◆ **Supplied material**
<<<<
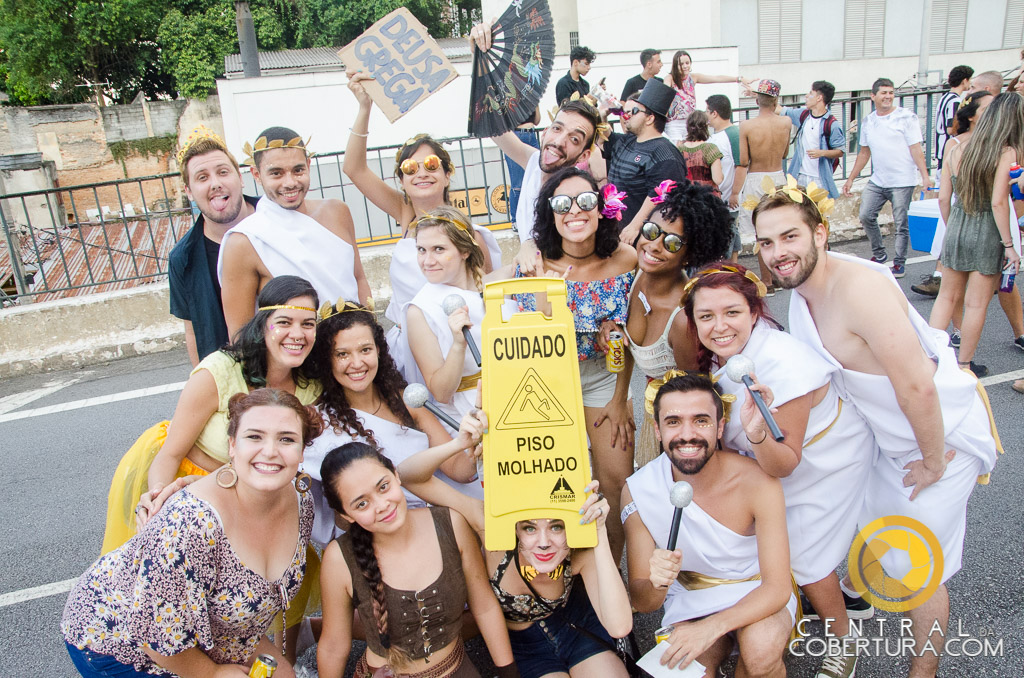 Bloco Agrada Gregos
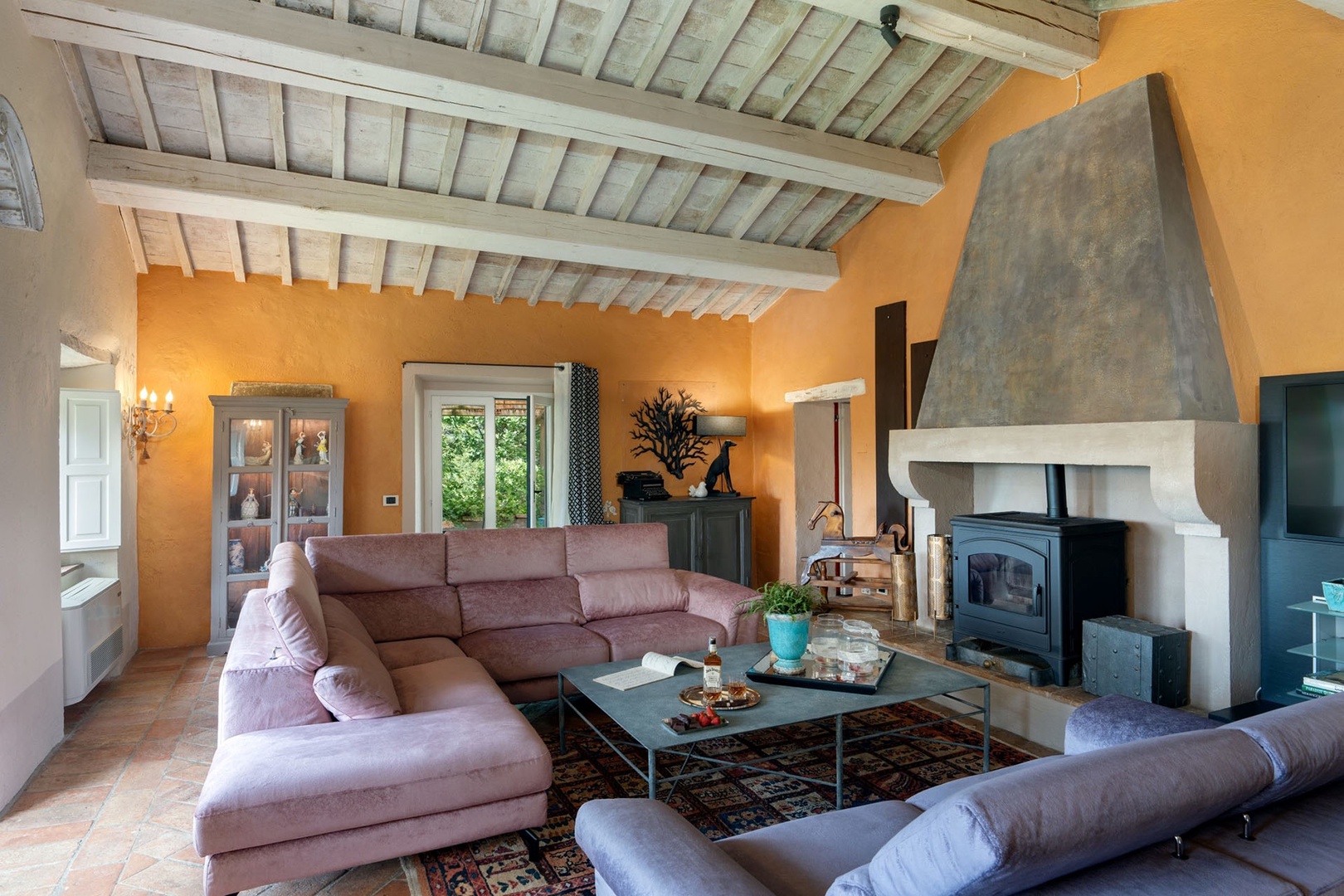 Large living area with pellet stove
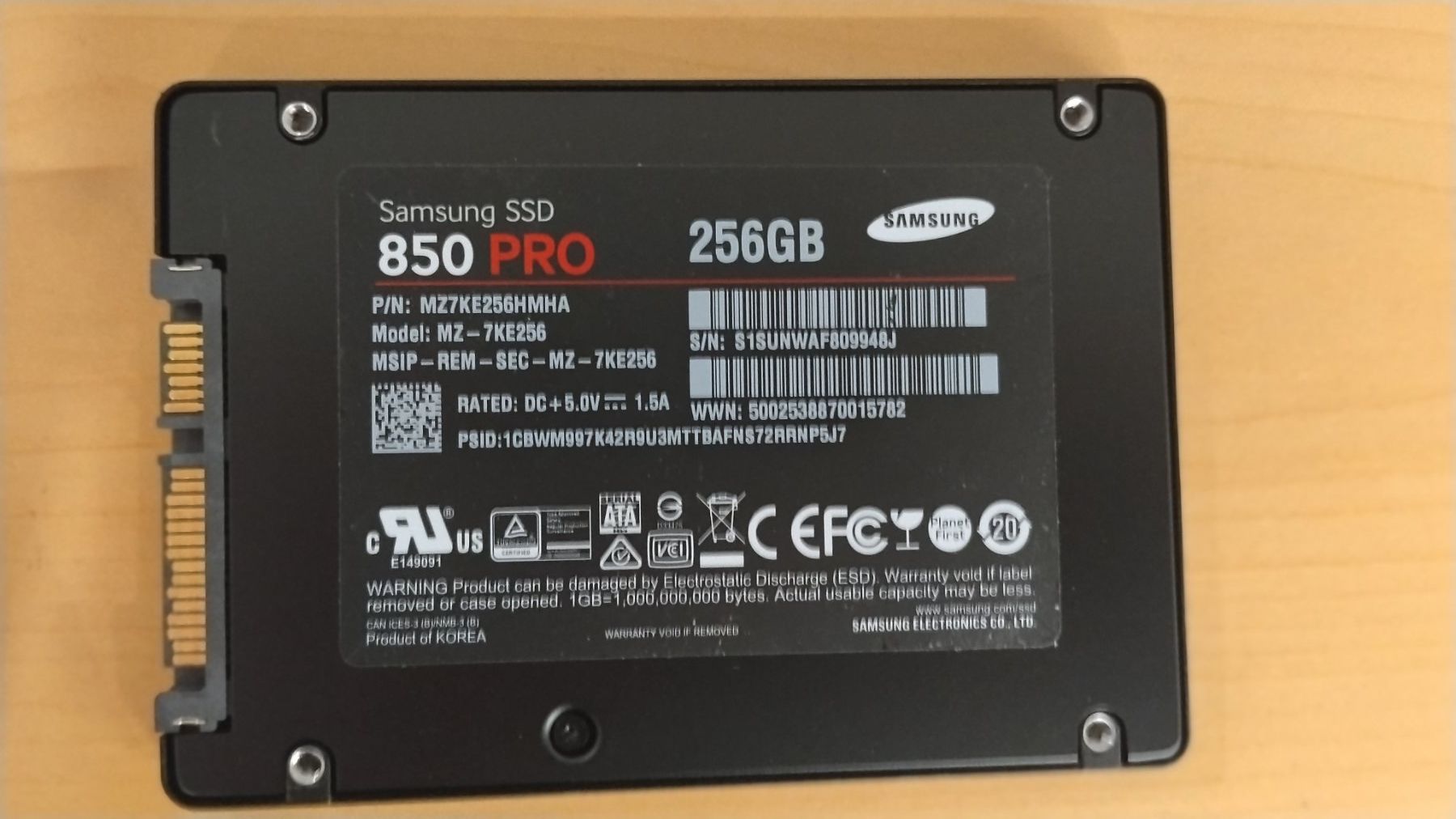 Samsung Dischi rigidi: Samsung SSD 850 PRO 256GB – Usato da Wallisellen venduto da mic_gg2g 1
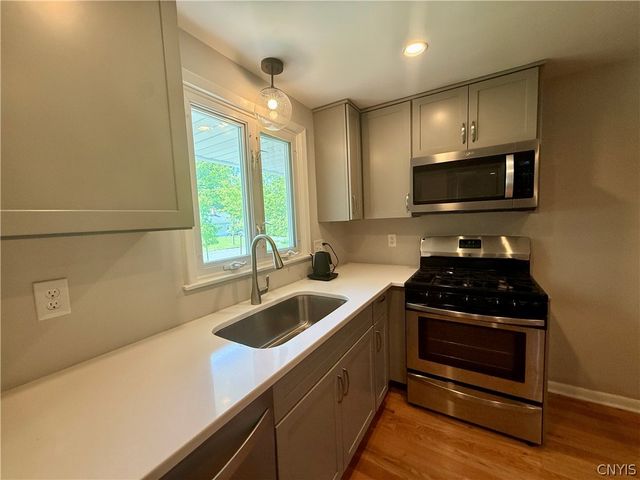 223 Goodrich Ave, Syracuse, NY 13210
>>>>
◆ **What the exercise asks**
Print the entire listing above verbatim. No picture should be included.

◆ **Answer to the problem**
 Bloco Agrada Gregos
 Large living area with pellet stove
 Samsung Dischi rigidi: Samsung SSD 850 PRO 256GB – Usato da Wallisellen venduto da mic_gg2g 1
 223 Goodrich Ave, Syracuse, NY 13210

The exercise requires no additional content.